### DATA SHOWN
===
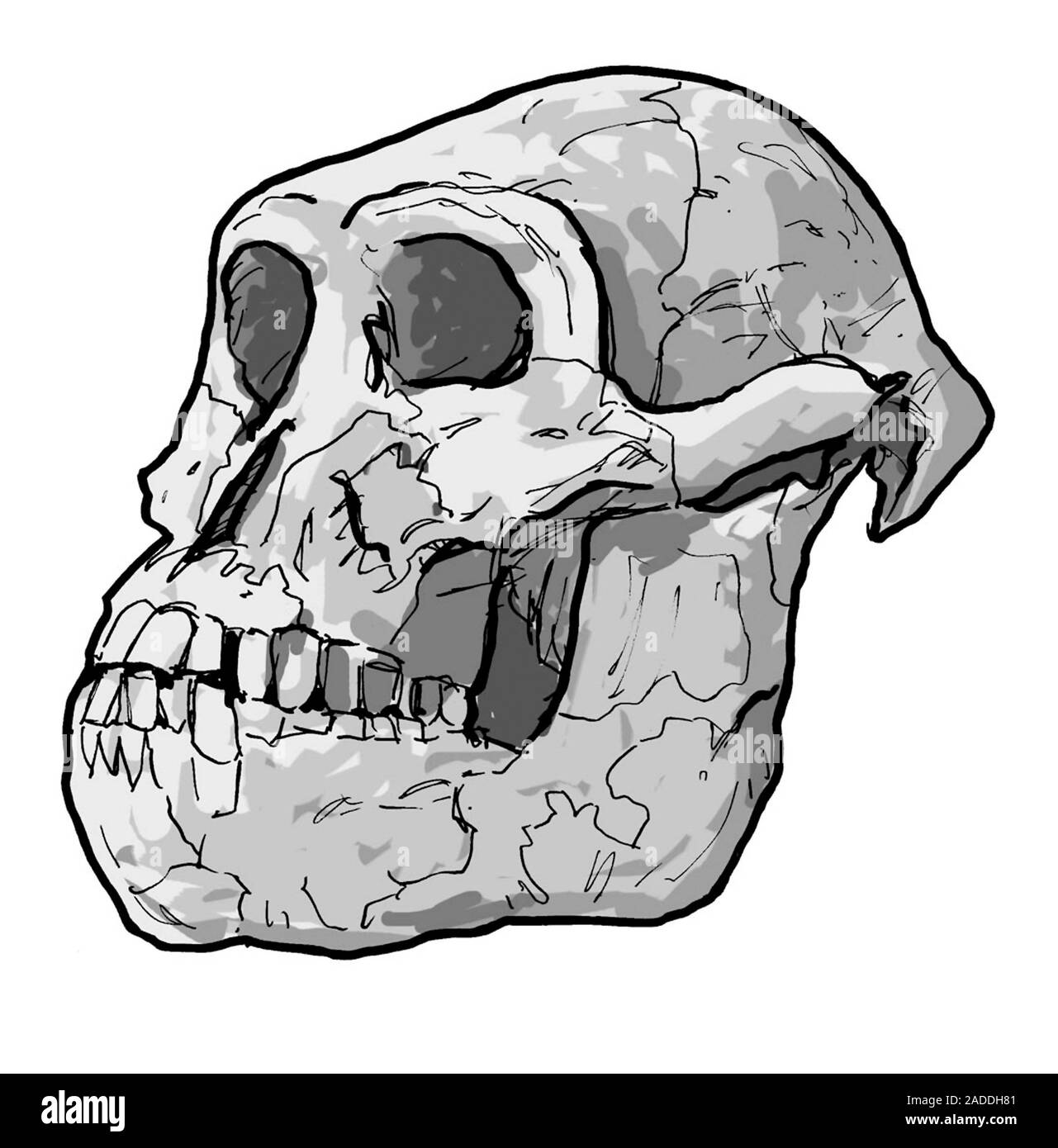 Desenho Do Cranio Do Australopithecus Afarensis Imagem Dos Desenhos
===
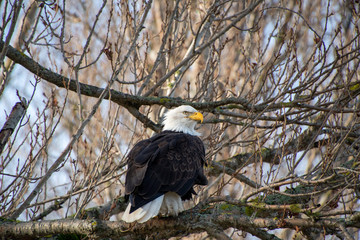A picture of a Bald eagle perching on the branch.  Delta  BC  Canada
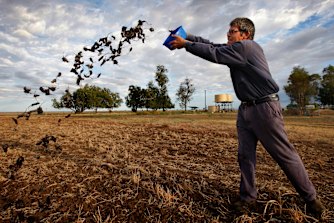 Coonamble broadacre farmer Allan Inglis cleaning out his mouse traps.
===
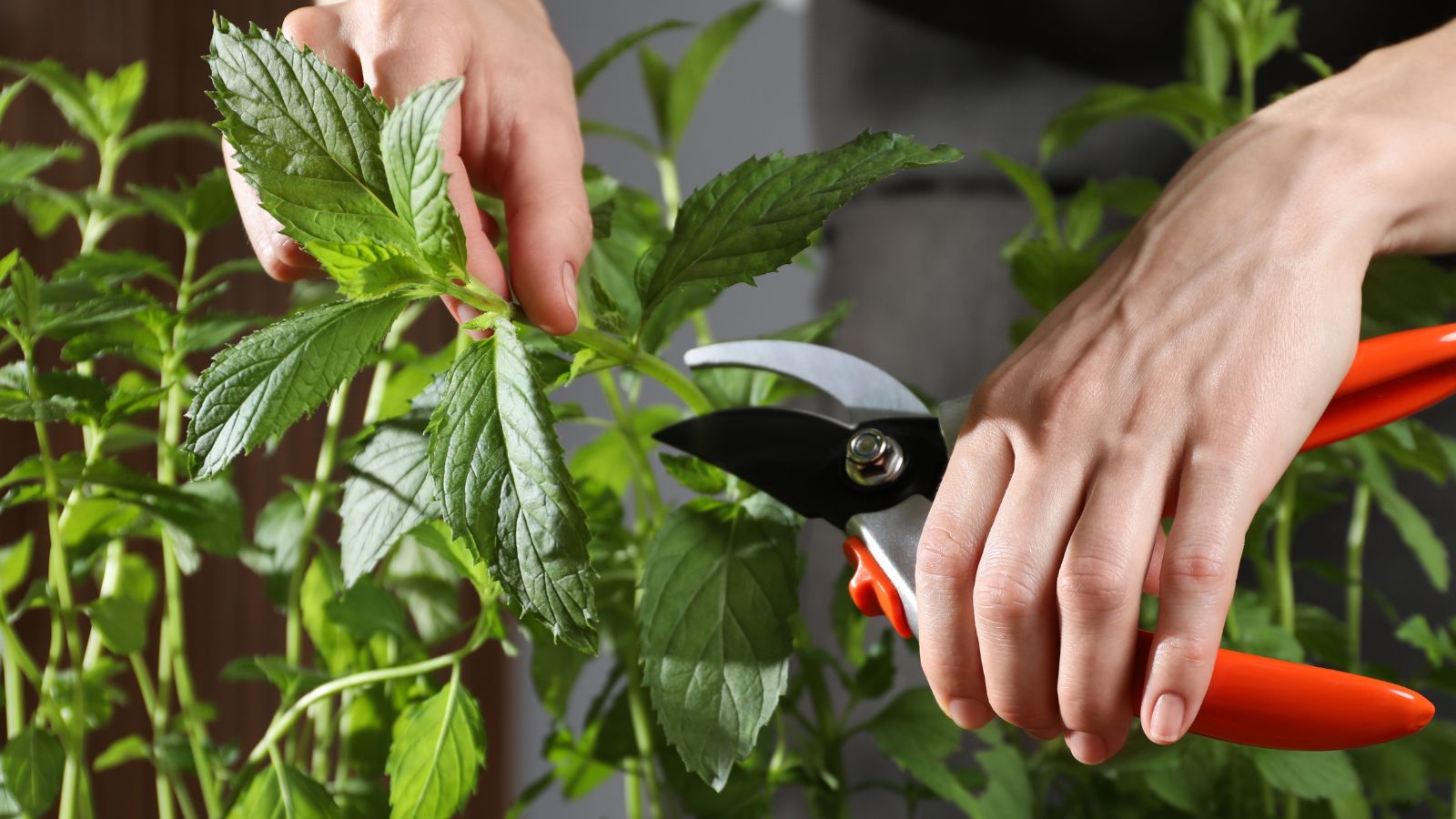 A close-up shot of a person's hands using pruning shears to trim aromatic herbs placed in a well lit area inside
===
### PROMPT
Exact copy, pictures excluded: from the line with "A picture of" up to and including the line with "Coonamble broadacre farmer" in the data above.

### EXERCISE RESPONSE
A picture of a Bald eagle perching on the branch.  Delta  BC  Canada
 Coonamble broadacre farmer Allan Inglis cleaning out his mouse traps.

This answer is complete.